A state Liberal government awarded the contract for train maintenance to Maintrain in 1993 and then closed down the state-run Electric Car rail workshops in the Sydney suburb of Chullora, destroying over 1,000 jobs. While the Liberals were directly responsible for the job losses, previous Labor governments had already set the framework for the restructuring of rail maintenance with the closure of the Eveleigh workshops.

Under the terms of the 1993 agreement, Maintrain’s parent company United Group Limited was compelled to take out a bank guarantee to ensure performance and to protect the state-owned workshops and machinery. But the government did not oblige the company to protect workers’ entitlements as part of the contract. In his August 13 media release, Scully was forced to admit that the company’s claims that “employees are protected by a performance guarantee involving the parent company” were false.

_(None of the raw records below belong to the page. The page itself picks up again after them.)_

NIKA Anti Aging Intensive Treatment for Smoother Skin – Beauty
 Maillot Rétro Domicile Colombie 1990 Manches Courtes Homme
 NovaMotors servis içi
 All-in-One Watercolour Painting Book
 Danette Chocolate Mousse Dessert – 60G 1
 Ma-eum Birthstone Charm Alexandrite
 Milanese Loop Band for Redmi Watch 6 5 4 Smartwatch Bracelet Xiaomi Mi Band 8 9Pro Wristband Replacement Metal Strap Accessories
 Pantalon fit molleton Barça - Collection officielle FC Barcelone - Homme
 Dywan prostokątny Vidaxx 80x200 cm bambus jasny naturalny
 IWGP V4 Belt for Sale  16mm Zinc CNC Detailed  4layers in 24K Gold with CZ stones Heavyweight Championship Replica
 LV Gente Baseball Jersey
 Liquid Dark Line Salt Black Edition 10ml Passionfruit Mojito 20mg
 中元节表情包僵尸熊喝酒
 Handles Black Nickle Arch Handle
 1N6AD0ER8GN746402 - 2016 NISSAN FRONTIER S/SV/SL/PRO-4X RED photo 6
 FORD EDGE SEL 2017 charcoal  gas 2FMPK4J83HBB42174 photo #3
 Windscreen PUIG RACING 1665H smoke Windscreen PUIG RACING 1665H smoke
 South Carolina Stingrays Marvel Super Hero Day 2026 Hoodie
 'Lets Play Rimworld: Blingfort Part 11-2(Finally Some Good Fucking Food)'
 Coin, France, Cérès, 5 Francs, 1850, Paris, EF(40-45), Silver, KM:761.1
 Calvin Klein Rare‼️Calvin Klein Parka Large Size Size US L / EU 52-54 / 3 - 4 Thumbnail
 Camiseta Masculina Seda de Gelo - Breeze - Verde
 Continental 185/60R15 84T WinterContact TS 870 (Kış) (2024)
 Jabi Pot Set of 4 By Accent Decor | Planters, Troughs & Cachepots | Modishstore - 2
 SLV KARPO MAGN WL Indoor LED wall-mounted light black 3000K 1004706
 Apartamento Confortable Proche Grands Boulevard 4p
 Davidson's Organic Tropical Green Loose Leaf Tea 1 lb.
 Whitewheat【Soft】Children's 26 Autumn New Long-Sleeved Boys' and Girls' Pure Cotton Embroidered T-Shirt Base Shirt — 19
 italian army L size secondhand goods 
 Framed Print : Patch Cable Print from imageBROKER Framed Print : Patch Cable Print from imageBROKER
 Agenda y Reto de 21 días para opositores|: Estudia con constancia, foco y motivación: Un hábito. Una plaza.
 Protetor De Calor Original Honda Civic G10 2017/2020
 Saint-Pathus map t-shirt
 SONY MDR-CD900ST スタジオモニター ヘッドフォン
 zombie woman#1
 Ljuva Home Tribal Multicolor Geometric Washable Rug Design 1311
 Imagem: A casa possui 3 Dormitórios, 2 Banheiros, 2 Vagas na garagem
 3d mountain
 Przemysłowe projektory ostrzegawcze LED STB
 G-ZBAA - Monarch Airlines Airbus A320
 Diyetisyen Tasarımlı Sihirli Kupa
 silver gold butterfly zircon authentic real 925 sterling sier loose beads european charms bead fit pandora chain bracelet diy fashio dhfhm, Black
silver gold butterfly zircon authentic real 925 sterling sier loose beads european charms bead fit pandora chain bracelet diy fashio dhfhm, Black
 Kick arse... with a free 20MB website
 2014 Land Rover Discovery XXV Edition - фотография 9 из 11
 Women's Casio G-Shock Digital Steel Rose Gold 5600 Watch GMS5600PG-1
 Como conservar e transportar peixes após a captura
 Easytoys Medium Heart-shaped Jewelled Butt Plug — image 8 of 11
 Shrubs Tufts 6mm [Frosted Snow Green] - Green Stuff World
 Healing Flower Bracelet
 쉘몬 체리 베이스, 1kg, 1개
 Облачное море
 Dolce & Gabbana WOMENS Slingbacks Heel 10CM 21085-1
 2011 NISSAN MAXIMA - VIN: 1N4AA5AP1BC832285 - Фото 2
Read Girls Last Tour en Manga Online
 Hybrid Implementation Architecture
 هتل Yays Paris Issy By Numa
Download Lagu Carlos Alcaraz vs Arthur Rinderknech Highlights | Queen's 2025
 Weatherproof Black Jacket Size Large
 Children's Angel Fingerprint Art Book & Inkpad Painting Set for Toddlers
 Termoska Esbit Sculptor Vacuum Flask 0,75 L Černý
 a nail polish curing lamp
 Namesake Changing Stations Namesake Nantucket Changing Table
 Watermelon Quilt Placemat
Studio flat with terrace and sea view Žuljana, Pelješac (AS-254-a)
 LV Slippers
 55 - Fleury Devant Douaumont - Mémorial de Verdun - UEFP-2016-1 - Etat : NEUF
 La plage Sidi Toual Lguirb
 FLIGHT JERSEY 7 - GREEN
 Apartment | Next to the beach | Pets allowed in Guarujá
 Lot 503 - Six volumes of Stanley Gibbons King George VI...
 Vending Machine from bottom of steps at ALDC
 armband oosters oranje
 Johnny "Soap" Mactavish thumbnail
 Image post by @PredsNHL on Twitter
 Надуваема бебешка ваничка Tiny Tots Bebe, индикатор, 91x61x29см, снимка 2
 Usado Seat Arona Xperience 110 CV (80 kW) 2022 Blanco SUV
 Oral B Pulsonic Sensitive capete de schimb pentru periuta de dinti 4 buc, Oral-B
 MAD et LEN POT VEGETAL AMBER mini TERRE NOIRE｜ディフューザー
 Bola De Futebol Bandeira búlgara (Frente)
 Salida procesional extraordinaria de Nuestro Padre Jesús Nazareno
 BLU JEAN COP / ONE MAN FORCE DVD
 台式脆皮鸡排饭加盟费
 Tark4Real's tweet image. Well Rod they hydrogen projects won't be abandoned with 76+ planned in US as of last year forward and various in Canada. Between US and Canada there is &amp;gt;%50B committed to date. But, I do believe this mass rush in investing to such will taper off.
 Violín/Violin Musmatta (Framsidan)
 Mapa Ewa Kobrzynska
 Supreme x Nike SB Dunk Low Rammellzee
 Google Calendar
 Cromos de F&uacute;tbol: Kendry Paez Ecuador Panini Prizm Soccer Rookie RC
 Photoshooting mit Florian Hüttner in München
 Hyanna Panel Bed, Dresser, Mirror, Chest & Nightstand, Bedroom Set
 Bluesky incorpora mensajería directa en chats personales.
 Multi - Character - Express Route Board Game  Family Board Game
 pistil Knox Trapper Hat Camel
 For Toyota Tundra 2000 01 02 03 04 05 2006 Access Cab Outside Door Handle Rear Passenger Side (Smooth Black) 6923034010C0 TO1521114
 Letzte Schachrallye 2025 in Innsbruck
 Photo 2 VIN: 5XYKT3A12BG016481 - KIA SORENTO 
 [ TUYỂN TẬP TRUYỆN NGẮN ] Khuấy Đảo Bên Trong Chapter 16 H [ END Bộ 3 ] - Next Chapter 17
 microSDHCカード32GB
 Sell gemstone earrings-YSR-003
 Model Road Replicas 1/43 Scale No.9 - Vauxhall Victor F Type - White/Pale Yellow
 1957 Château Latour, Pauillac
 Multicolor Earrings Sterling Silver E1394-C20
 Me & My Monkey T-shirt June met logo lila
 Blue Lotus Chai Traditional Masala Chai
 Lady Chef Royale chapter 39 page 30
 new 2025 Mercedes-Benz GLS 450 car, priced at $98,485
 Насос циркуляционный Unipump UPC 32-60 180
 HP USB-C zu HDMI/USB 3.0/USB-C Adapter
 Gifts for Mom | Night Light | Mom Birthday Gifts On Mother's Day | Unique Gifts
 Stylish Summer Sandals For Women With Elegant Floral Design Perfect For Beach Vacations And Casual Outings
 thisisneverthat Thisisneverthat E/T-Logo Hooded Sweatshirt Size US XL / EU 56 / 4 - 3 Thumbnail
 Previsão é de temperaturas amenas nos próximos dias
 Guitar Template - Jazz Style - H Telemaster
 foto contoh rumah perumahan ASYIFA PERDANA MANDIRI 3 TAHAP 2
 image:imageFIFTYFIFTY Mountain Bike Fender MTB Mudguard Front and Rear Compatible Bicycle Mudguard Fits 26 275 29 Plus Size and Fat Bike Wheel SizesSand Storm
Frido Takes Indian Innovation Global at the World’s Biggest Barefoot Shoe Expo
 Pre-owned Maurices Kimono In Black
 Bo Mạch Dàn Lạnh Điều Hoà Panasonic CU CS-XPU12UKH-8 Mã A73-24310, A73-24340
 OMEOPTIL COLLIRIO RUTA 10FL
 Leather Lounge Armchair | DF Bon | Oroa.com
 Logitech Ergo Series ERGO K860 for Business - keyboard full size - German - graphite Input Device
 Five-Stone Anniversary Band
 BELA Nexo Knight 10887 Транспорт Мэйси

The Labor Party is keen to keep the issue of workers’ entitlements out of the public glare because its own record and policies are no better than the conservative parties. Throughout recent disputes, first at the Tristar car parts factory and now at Maintrain, federal Labor leader Kim Beazley has kept a low profile. His only promise is that Labor would consider a scheme under which companies pay an extra 0.1 percent in superannuation contributions toward meeting the workers’ entitlements of failed firms.

Union confines Maintrain dispute

While the AMWU has claimed that the strike at Maintrain is the “spearhead” of a national campaign for Manusafe, the union has not publicised the dispute widely or mobilised any significant support behind the workers. Passenger trains, both in the Sydney metropolitan area and intra-state, have continued to run without any signs of disruption throughout the seven-week strike.

Picketing workers pointed out that the lack of publicity allowed Maintrain to send some work to other companies for repair. They knew of at least one engineering shop, Comeng in Newcastle, where AMWU members worked on components because management had told them that Maintrain had folded. They only became aware of the strike when a delegation from Maintrain visited the factory to ask for support. Obviously the union had not bothered to inform the Comeng workers about the so-called spearhead dispute.

Nor did the union attempt to call out its members working in State Rail’s running sheds, which carry out vital day-to-day repairs on the passenger fleet. Such an action would have impacted on train operations in a matter of days. The depot workers were only asked to ban doing work normally done at Maintrain—a minimal commitment in such a dispute.

The AMWU is as anxious as the Labor leaders to end the Maintrain strike. The union has no genuine concern about protecting entitlements. After all, the question is hardly new. For years, under Liberal and Labor governments, the unions turned a blind eye as plants closed down and workers were stripped of entitlements.

Now the union is desperate to regain some kudos among workers and to stop the haemorrhage of dues-paying members. At the same time, however, the union bureaucracy is concerned to convince big business that the unions remain the best tool for imposing layoffs and the destruction of working conditions involved in the ongoing restructuring of workplaces. Thus for all the rhetoric on workers’ entitlements, the AWMU’s “national campaign” is deliberately limited in scope.